Speech:Spring 2013 Report
Speech recognition is a field within technology that has been posed with one of the most complex problems: understand the exponential intricacies of human speech and translate it to a digital format. There are a few speech translators which have gained notoriety, but there is still no such device that is a perfect translator. Understanding and using speech tools is becoming a skill needed to gain an edge in the computing sector due to the potential of what extremely accurate speech translation can translate to. CMU’s open source Sphinx speech recognition software was used throughout the course of the semester as the toolset required to achieve semester goals.

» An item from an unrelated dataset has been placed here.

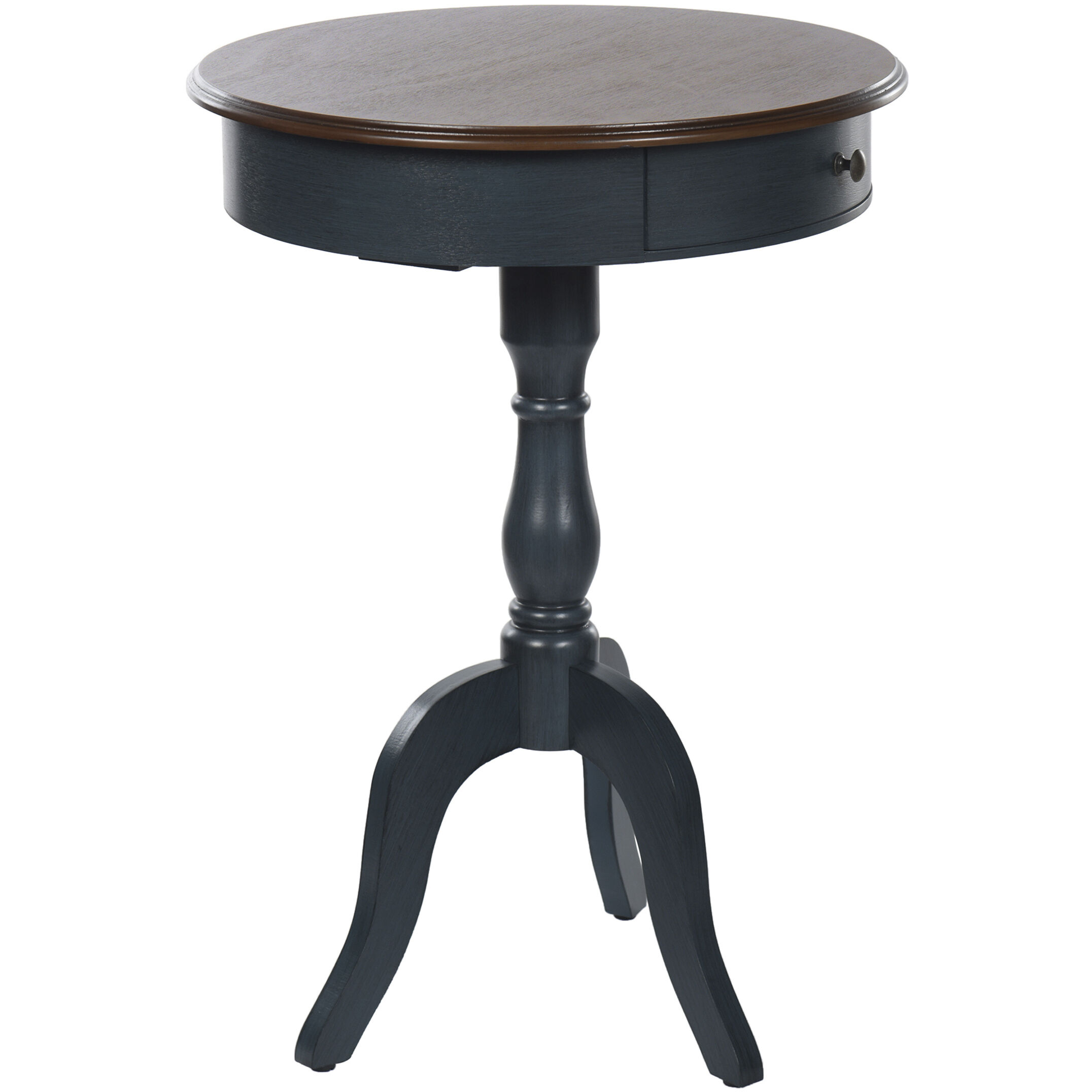 Savannah 29.5 X 21.5 inch Midnight Blue and Brown Pedestal Side Table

The design of the Capstone project is to provide students a medium to immerse themselves in group based projects designed to emulate a real world working environment. Students are required to understand advanced concepts of speech recognition while learning how to navigate through a command line Linux environment, and balancing group dynamics to achieve results. The class was spilt into many groups that were charged with individual tasks such as hardware configuration and software tools early in the semester. As each group made progress in understanding their contribution to our speech recognition program that class organically evolved into two large groups competing against one another and attempting to generate a solid dictionary, clean speech model, and low word error rates.
Goal of the Semester
(Jake/Charlie) The main goal of the semester was to first modify or change any areas of the Speech experiment process to make it more efficient and more reliable. In this sense, we would be able to familiarize ourselves with the technology and processes involved with speech modeling. As a class, we were larger than any previous semester. This presented both advantages and disadvantages in that we were able to distribute group work out in a wider manner than previously done, but also presented challenges where not all members of the class could contribute to experiments simultaneously.

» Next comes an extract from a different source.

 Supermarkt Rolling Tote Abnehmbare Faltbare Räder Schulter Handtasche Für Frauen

As a part of the main goal, we also set out to attempt a 50-hour train and decode at some point in our progress. A large portion of the semester was spent getting the entire class trained on how to create and run experiments on pre-made corpi using older 1-hour experiments as examples. This greatly helped the class understand what issues can arise and how to troubleshoot them. As a precursor to attempting a 50 hour train and decode, the class was split into two groups which would attempt a 5 hour train and decode to see how well our refined processes worked. Though not entirely successful, these experiments did reveal further issues which called for more investigation and troubleshooting. That being said, the 50 hour goal was not achieved this semester but the foundation for future progress with new classes has been strengthened much more than when Spring 2013 semester first began.

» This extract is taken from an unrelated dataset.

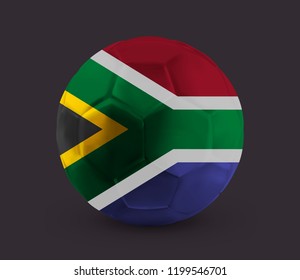 Football, Soccer ball with the flag of South Africa printed on it, isolated on dark background, vector illustration eps 10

Below current configuration details about the systems and file structure are discussed about what was changed/modified to improve the system.
(Mike Bianchi) The first thing that the systems group [the team that worked on the updating and maintenance of the Capstone file-servers] did was learn about what the technical specifications of the Dell PowerEdge file-servers[each named Caesar, Asterix, Obelix, Miraculix, Traubadix, Majestix, Idefix, Automatix, Methusalix, and Verleihnix] were. The systems group also briefly researched which of the drives was connected to the Internet and could be logged into through SSH as well, the chart from Spring 2012 had later informed us that the drive that accomplished all of the above was the Caesar server.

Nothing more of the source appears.